● **Work request**
Copy the data below exactly, but not the pictures it contains.

● **Available data**
┄┄┄┄┄┄
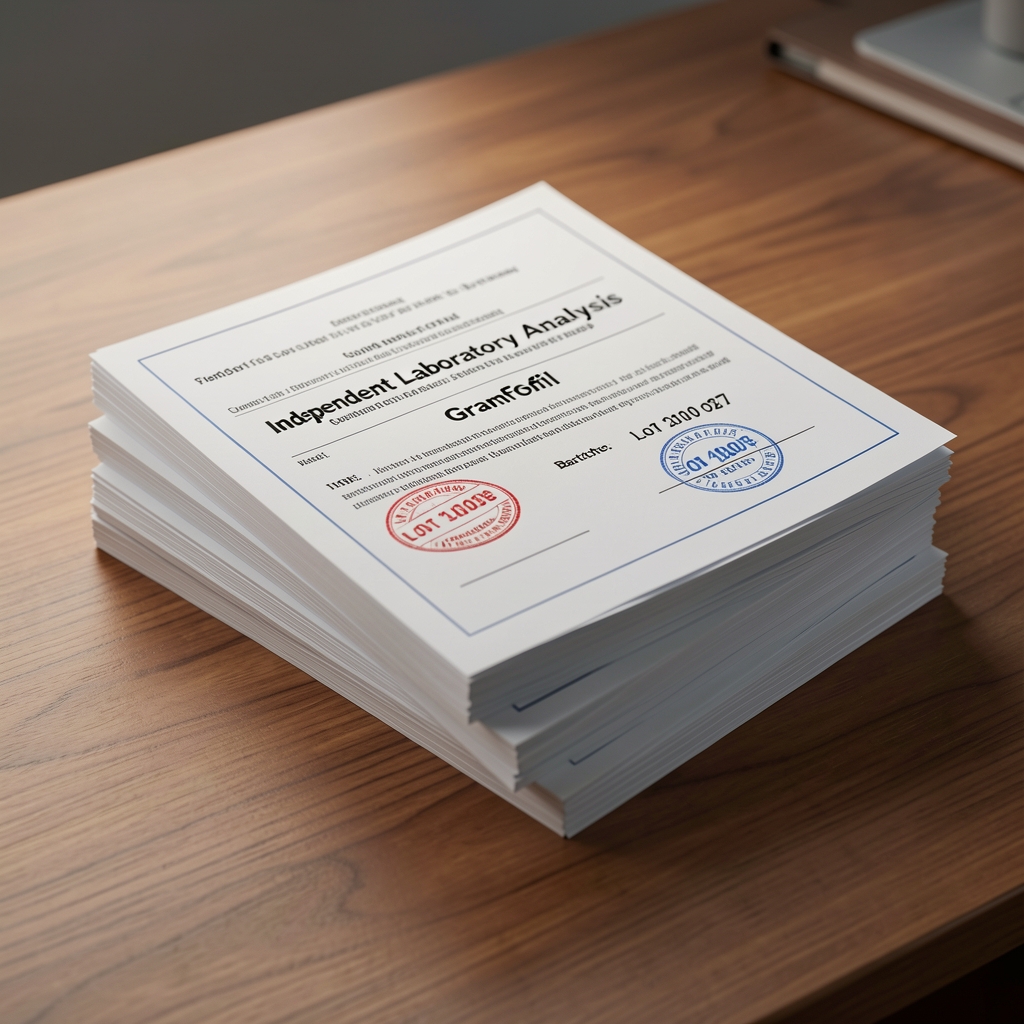 Stack of printed independent laboratory analysis certificates for Granofil supplement batches, each stamped with a lot number, arranged on a wooden desk under controlled lighting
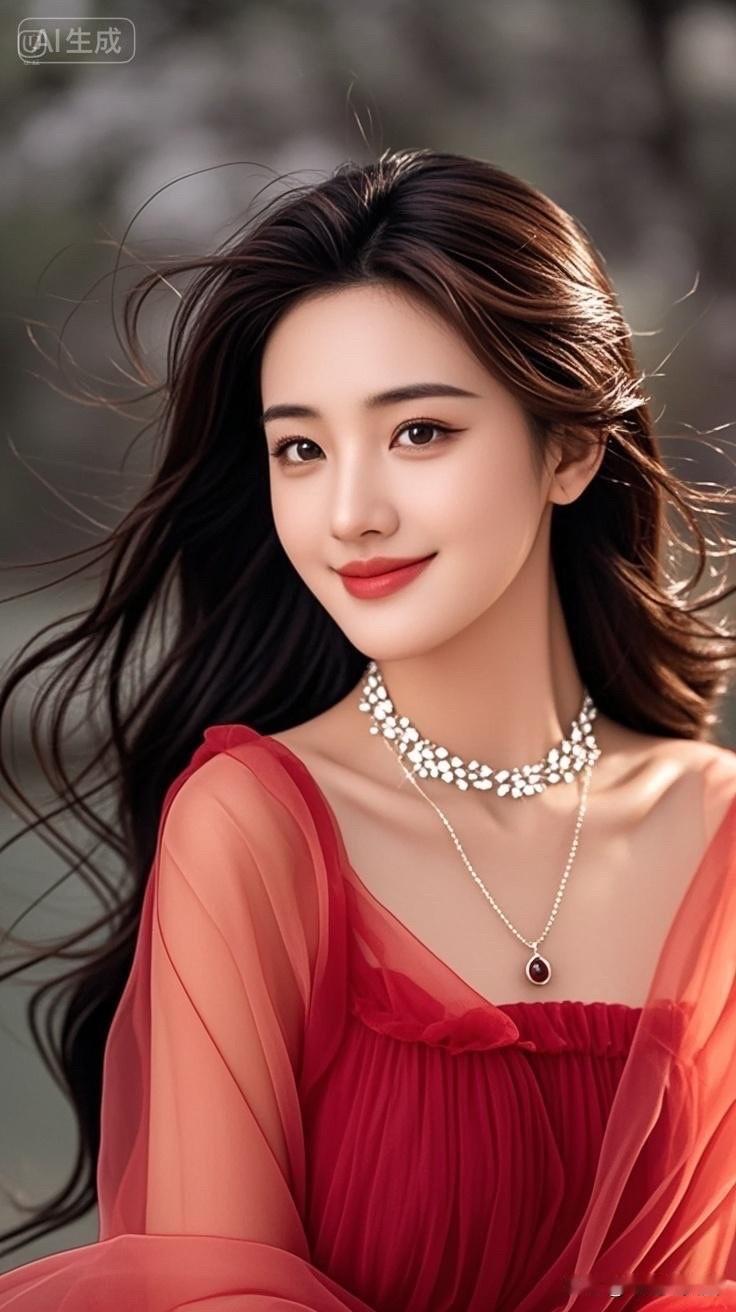 温柔甜美的红衣少女，散发着迷人的魅力！💖✨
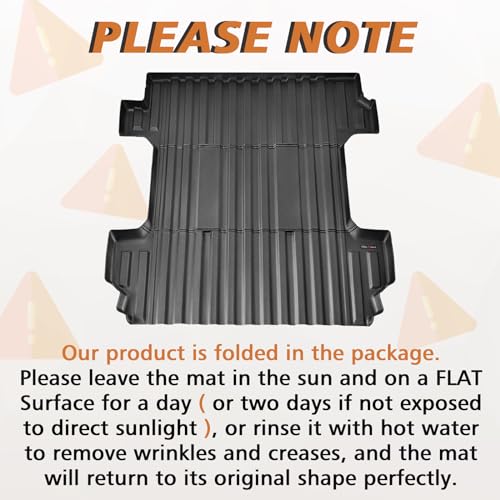 TripleAliners Truck Bed Mat Compatible with 2020-2024 Chevy Silverado/GMC Sierra 2500 3500HD Accessories 6.8FT Vehicle Bed Mat Perfectly Flush All Weather Protection TPE HeavyDuty Pickup Car Cargo Mat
┄┄┄┄┄┄
● **Task output**
 Stack of printed independent laboratory analysis certificates for Granofil supplement batches, each stamped with a lot number, arranged on a wooden desk under controlled lighting
 温柔甜美的红衣少女，散发着迷人的魅力！💖✨
 TripleAliners Truck Bed Mat Compatible with 2020-2024 Chevy Silverado/GMC Sierra 2500 3500HD Accessories 6.8FT Vehicle Bed Mat Perfectly Flush All Weather Protection TPE HeavyDuty Pickup Car Cargo Mat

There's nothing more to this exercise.